Secondly, when invoking R, I use
R --vanilla < inputfile.r
to run the program. Apparently R doesn't support standard
R arg1 arg2 arg3
1. I needed to compile the R binary from source. For whatever reason, simply
taking the binary from the /usr/bin/
directory did not work. I used version
2.11.1, because it appears to be the latest that our version of CentoOS
supports, though there isn't necessarily any reason that a newer version of
R couldn't be used.

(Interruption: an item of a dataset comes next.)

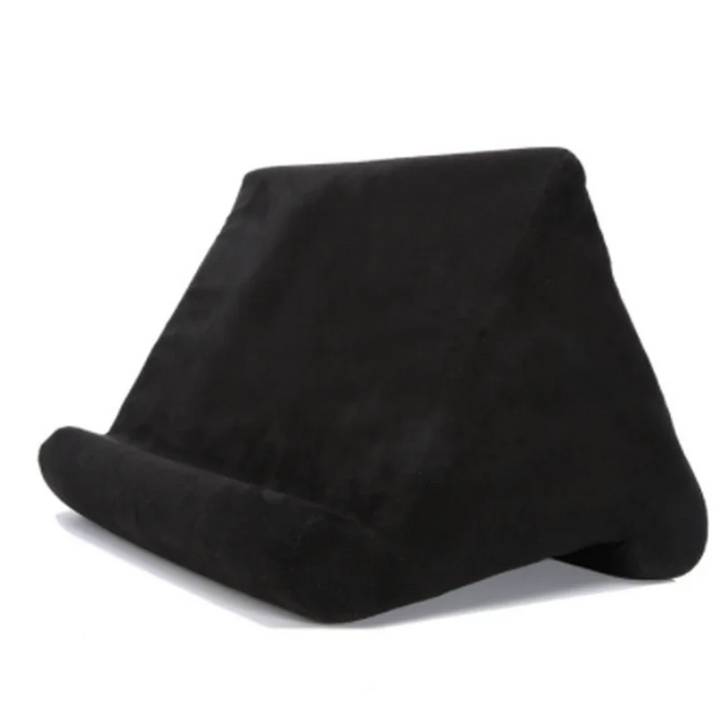 Comfortable Tablet and E-Reader Holder - RelaxPad-Brown-State of Style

I also chose R version 2.11.1 because in order to get
MCMCpack, one of the libraries that your program requires, to install using
CRAN (similar to CPAN on perl), a version of R at least2.10 was needed.
2. Next, I turned to getting the libraries to work. I initially investigated
using environment variables like the R_LIBS_USER
to set where the remote
computer is supposed to look for libraries, but that did not work. So,
instead, I chose to insert the following line into the R program to change
the default library search directories to look to the current directory
first:
.libPaths(c(".","/usr/lib64/R/library","/usr/share/R/library"))
test.r
.
3. Next, you'll need to make sure that all the libraries are included in the
tar file. The file tarcmd.txt
as follows:
tar -cf r.tar ./R -C /usr/lib64/R/library/ MASS/ coda/ MCMCpack/ lattice/ -C /exports/scratch/<user>/04-2010/ ch01/refsigs/sig104_A.txt ch01/sigsnp/sigint104_A.txt
4. The next issue was that the output directories don't exist on the remote
machine, so I included in r.sh
(the shell script) a few mkdir -p
commands to
create the output directories. The output files don't actually have to exist
on the remote machine---just the directories.
Just a side note: <user>
, your R files currently have all the file paths
specified with back slashes ("\\"). On Linux, this will not work. The
filenames will need forward slashes instead.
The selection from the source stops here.